Nombre de communes ont mis en place des comités communaux feux de forêt (CCFF), c'est dire l'omniprésence de ce risque qui fait l'objet de travaux de protection et de prévention : obligation de débroussaillage, aménagement de coupe-feu et de réservoirs, patrouilles et guets, etc. La mise en place, là aussi dans la douleur, des plans de prévention du risque d'incendie de forêt (PPRIF) a beaucoup plus mobilisé fonctionnaires et élus que celle des PPRI.
Dans le Var, le risque incendie a clairement occulté les autres risques, empêchant une juste évaluation des signaux qui laissaient entrevoir une autre menace : les inondations rapides .

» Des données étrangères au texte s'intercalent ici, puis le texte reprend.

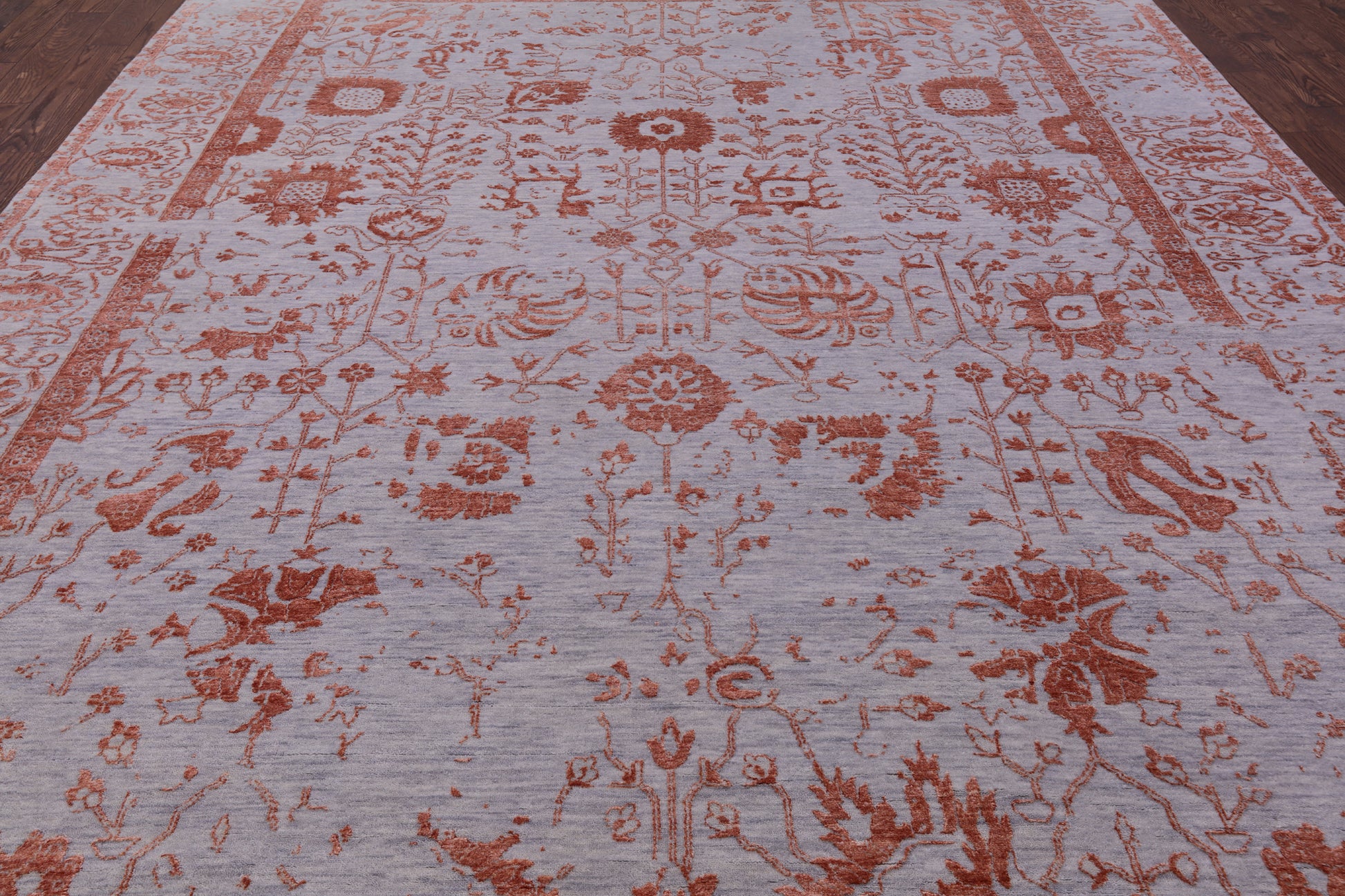 Grey Persian Handmade Wool & Silk Rug - 9' 11" X 13' 10" - Golden Nile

* 86 M. Michel Bellenfant, Une inondation catastrophique en 1827 , Bulletin de la société d'études de Draguignan, 1983.
* 87 Conseil général de l'environnement et du développement durable - Mission sur les inondations Sainte-Maxime 18-19 septembre 2009 - octobre 2009. Ce rapport est intéressant parce qu'il fait état d'une situation assez comparable à celle de juin 2010 dans le déroulement de l'inondation et dans la combinaison des causes.
* 88 L'impact fut d'autant plus retentissant que les incendies menacèrent un littoral au maximum de sa fréquentation touristique estivale. Campings évacués à la hâte, maisons défendues au jet d'eau, hébergement dans des centres de secours improvisés, les images restent dans les mémoires.
1989 : 12 900 ha ; 1990 : 26 000 ha ; 2003 : 18 800 ha dont 14 000 dans le Massif des Maures (17 et 28 juillet, 31 août) ; 2005 : 1 800 ha dans la région de Fréjus (5 juillet), évacuation de milliers de vacanciers, 6 campings touchés, 800 ha ravagés - communes de Carqueiranne et du Pradet (5 août), 700 personnes évacuées, 170 ha brûlés.
* 89 Conseil général de l'environnement et du développement durable (CGEDD) - Inspection générale de l'administration (IGA), Retour d'expériences des inondations survenues dans le département du Var les 15 et 16 juin 2010 - octobre 2010 p.26.